=== Data records ===
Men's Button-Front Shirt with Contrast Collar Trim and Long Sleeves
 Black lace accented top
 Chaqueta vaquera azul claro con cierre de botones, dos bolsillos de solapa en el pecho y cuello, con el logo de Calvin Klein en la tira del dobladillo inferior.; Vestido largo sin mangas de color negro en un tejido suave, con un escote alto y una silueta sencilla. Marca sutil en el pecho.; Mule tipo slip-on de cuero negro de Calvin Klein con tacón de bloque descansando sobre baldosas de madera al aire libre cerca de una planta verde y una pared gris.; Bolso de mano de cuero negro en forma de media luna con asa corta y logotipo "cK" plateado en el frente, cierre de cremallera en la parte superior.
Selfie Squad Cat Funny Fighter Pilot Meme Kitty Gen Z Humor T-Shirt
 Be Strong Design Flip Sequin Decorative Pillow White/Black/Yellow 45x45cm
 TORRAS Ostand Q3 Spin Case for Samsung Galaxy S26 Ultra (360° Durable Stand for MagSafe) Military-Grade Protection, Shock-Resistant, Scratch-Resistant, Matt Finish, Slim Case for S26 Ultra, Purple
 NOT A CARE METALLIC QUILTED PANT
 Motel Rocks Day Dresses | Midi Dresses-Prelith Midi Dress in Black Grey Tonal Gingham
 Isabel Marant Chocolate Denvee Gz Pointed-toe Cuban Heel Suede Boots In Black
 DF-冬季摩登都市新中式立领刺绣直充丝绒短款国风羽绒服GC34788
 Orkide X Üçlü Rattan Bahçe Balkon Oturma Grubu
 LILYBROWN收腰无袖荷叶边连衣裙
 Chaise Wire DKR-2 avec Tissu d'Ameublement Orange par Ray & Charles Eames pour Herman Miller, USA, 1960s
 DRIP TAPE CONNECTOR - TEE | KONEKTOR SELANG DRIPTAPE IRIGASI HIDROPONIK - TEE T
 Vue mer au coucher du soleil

=== What needs to be done ===
Write out only what runs from the line holding "Motel Rocks Day" through the last line of the records, exactly as shown.

=== Reply to the exercise ===
 Motel Rocks Day Dresses | Midi Dresses-Prelith Midi Dress in Black Grey Tonal Gingham
 Isabel Marant Chocolate Denvee Gz Pointed-toe Cuban Heel Suede Boots In Black
 DF-冬季摩登都市新中式立领刺绣直充丝绒短款国风羽绒服GC34788
 Orkide X Üçlü Rattan Bahçe Balkon Oturma Grubu
 LILYBROWN收腰无袖荷叶边连衣裙
 Chaise Wire DKR-2 avec Tissu d'Ameublement Orange par Ray & Charles Eames pour Herman Miller, USA, 1960s
 DRIP TAPE CONNECTOR - TEE | KONEKTOR SELANG DRIPTAPE IRIGASI HIDROPONIK - TEE T
 Vue mer au coucher du soleil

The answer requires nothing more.